Grzegorz Puda jest z wykształcenia zootechnikiem. Jak napisano na stronie Ministerstwa Funduszy i Polityki Regionalnej: - Obecnie jest także popularnym wykładowcą akademickim na jednej z bielskich uczelni. Doświadczenie zawodowe zdobywał zarówno w Polsce, jak i za granicą, gdzie pracował dla wiodących firm. W Polsce kilka lat pracował w jednej z największych instytucji finansowych w Europie. Zanim objął mandat posła jako menedżer z powodzeniem rozwijał jedną z bielskich spółek.
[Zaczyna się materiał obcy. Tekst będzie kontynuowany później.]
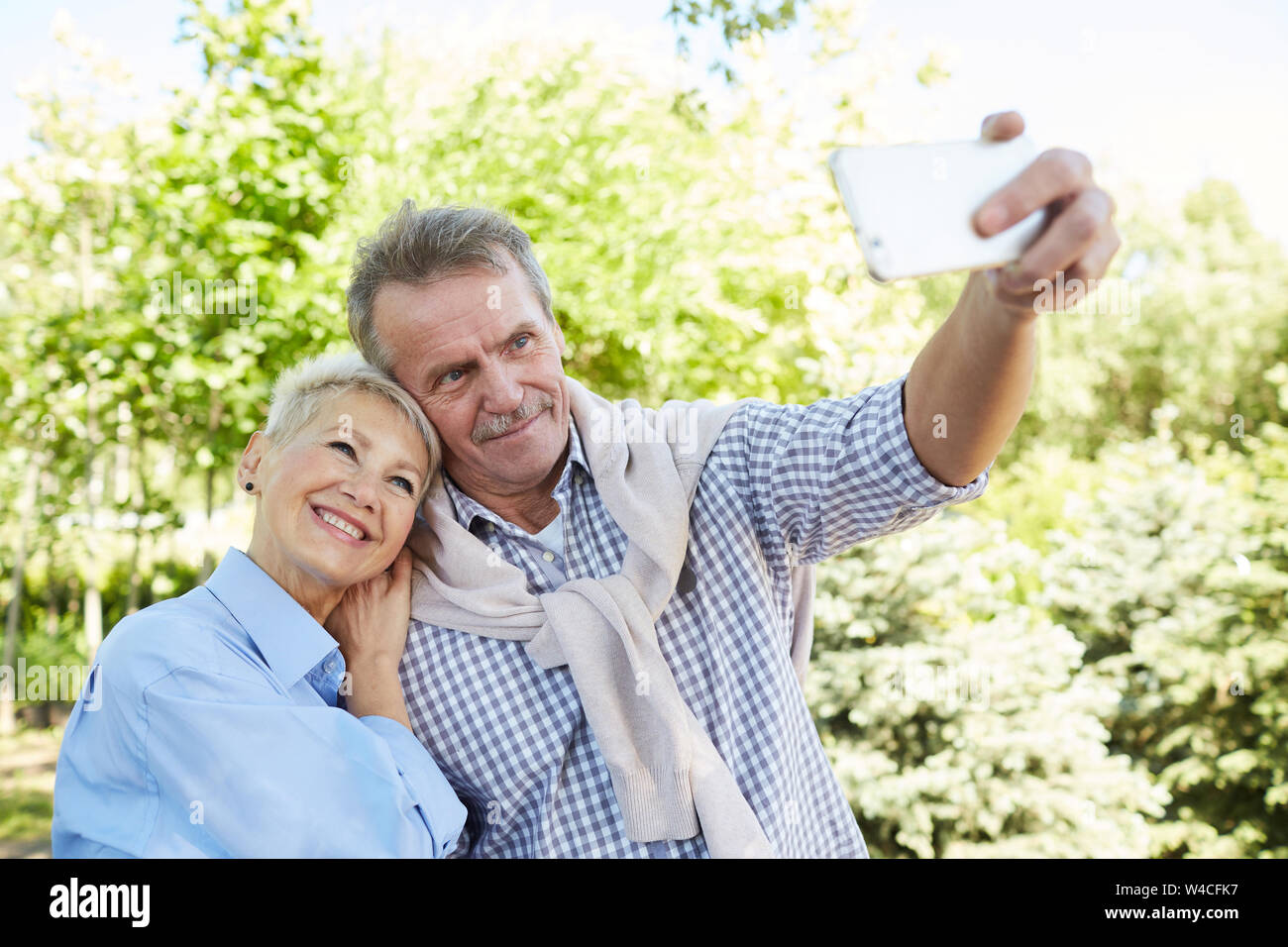 Taille portrait de senior couple pose pour photo selfies tout en profitant de promenade en forêt, copy space Banque D'Images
To właśnie Puda był sprawozdawcą projektu nowelizacji ustawy o ochronie zwierząt, która m.in. przewiduje likwidację hodowli zwierząt futerkowych i ogranicza ubój rytualny, który będzie możliwy tylko na potrzeby miejscowych grup religijnych.
Zobacz: Grzegorz Puda - nowy minister w rządzie PiS. Ma wielki dom za śmieszne pieniądze
Nowy minister rolnictwa przedstawia się jako miłośnik zwierząt, dlatego uważa, że zakaz hodowli zwierząt futerkowych powinien wejść w życie w ciągu roku. Podczas jednego z wywiadów w TVP Info ocenił: - To wielkie okropieństwo chodzić w futrach. To biznes, który polega na tym, że hoduje się zwierzę i obdziera się je ze skóry. Potem te skóry się sprzedaje i to jest całe sedno tego biznesu. Podkreślał przy tym, że takie futra nie są tanie a noszenie ich to "fanaberia".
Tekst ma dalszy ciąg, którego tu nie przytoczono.